**Records from a data source:**

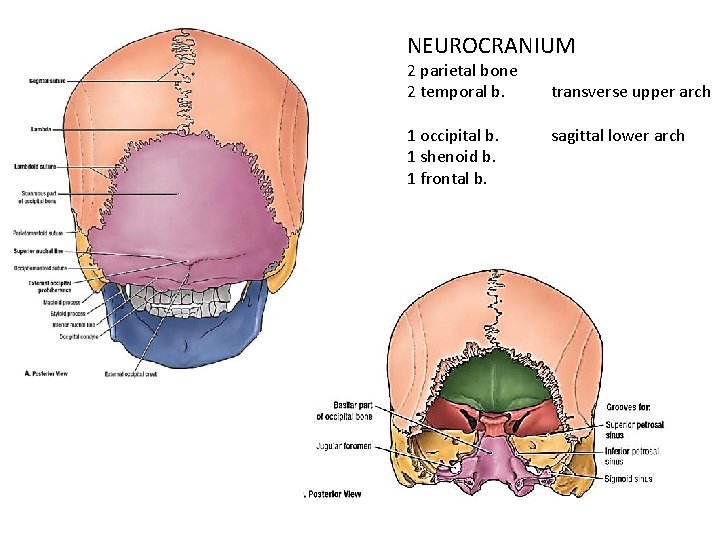NEUROCRANIUM 2 parietal bone 2 temporal b. 1 occipital b. 1 shenoid b. 1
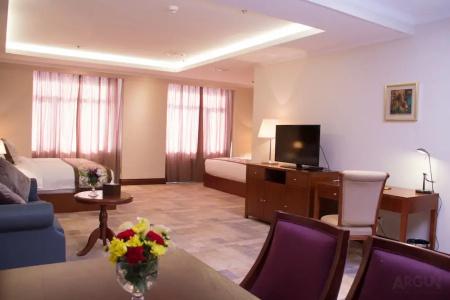 Premium Ulaanbaatar - 40
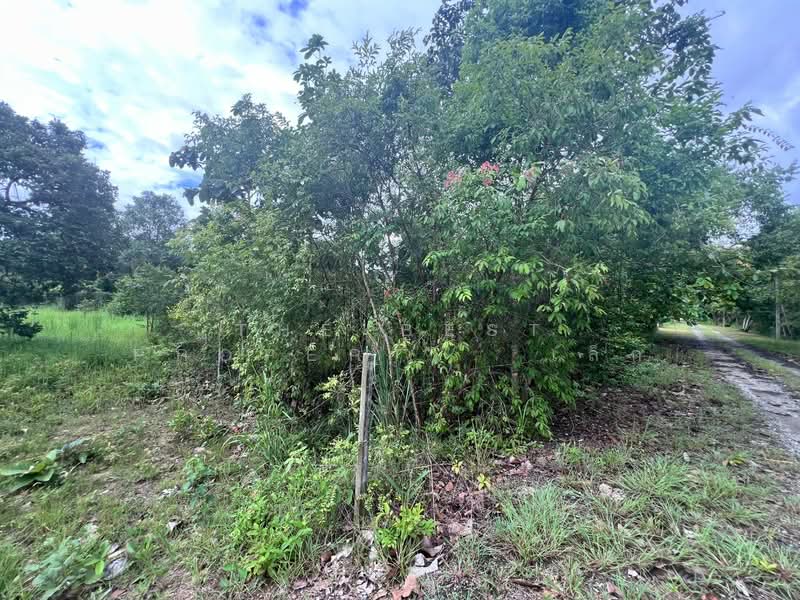 ที่ดินแม่ริม เชียงใหม่, Chiang Mai, Huai Sai, Mae Rim, Chiang Mai, , 1,596 sqm, Land For Sale, by The Best Property  เล็ก, 500397170 - DDproperty.com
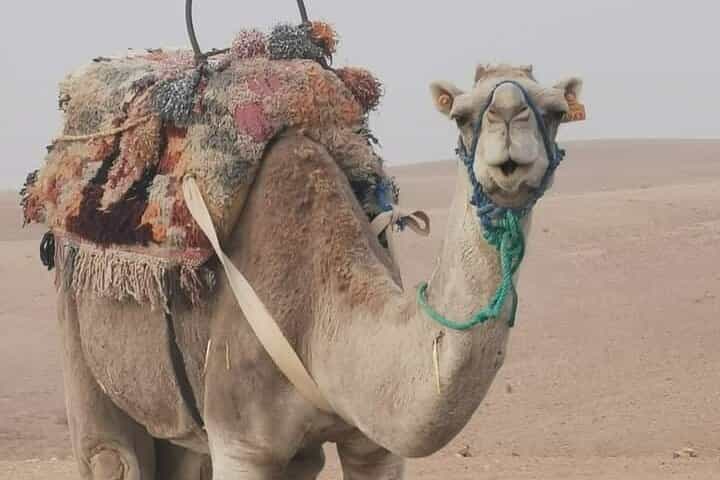 Private Camel Ride in Agafay Desert with Dinner Included 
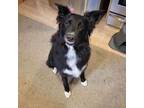 Adopt Luna a Black - with White Border Collie / German Shepherd Dog / Mixed dog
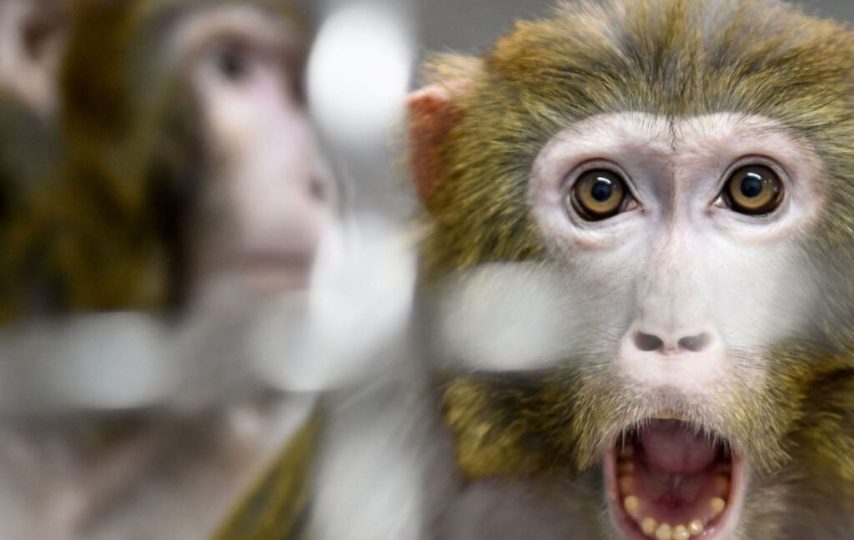 میمون‌های فراری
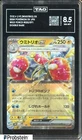 Wugtrio ex
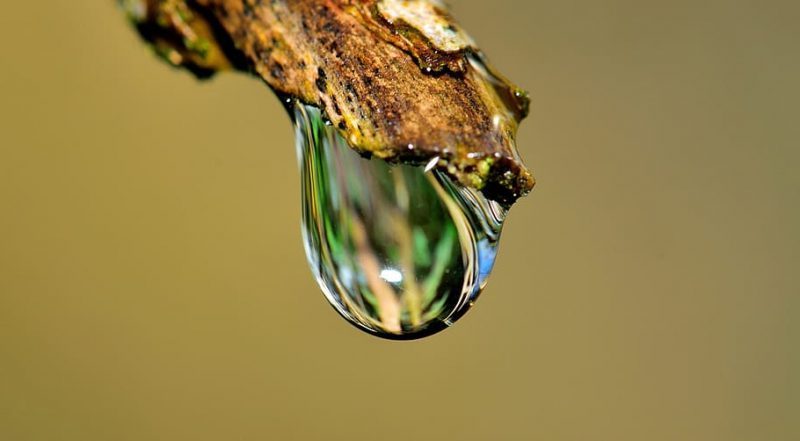 En España NO hay agua para tanto regadío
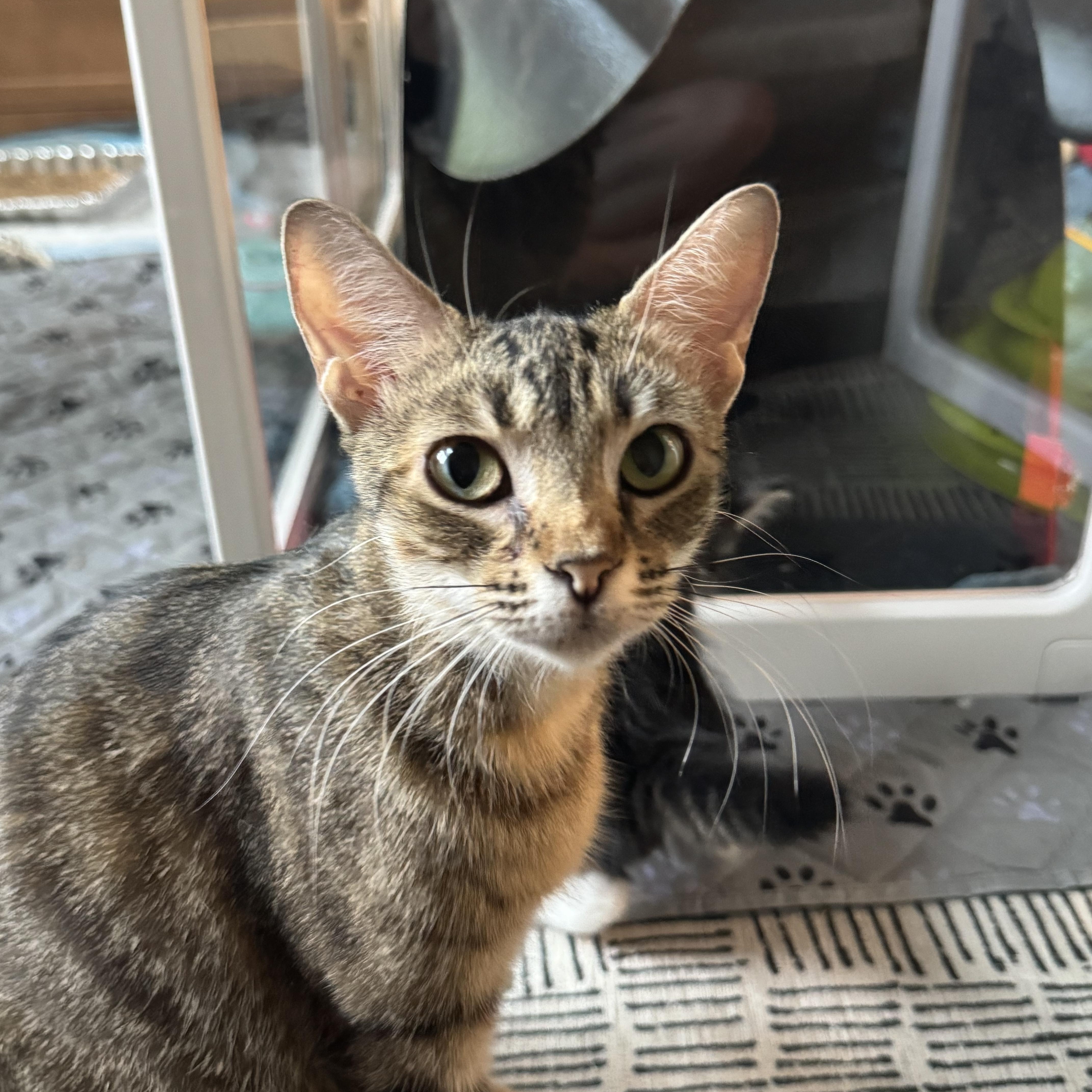 Shelley, Adult Female Domestic Short Hair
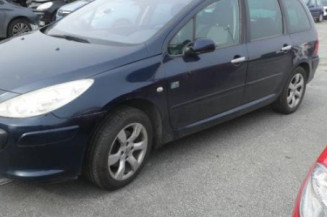 Capot PEUGEOT 307
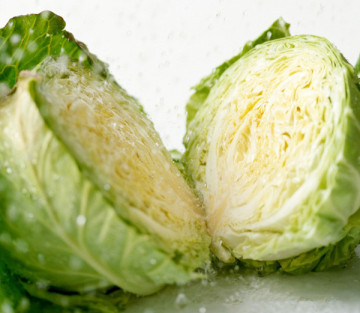 2014 Fresh Cabbage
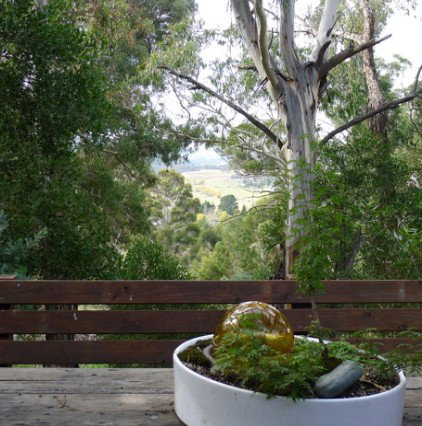 Bimblegumbie B And B - Tourism Caloundra 0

**WORK TASK:** Produce the entries above once more, exactly as given, with each picture left out.

**EXPECTED ANSWER:**
NEUROCRANIUM 2 parietal bone 2 temporal b. 1 occipital b. 1 shenoid b. 1
 Premium Ulaanbaatar - 40
 ที่ดินแม่ริม เชียงใหม่, Chiang Mai, Huai Sai, Mae Rim, Chiang Mai, , 1,596 sqm, Land For Sale, by The Best Property  เล็ก, 500397170 - DDproperty.com
 Private Camel Ride in Agafay Desert with Dinner Included 
 Adopt Luna a Black - with White Border Collie / German Shepherd Dog / Mixed dog
 میمون‌های فراری
 Wugtrio ex
 En España NO hay agua para tanto regadío
 Shelley, Adult Female Domestic Short Hair
 Capot PEUGEOT 307
 2014 Fresh Cabbage
 Bimblegumbie B And B - Tourism Caloundra 0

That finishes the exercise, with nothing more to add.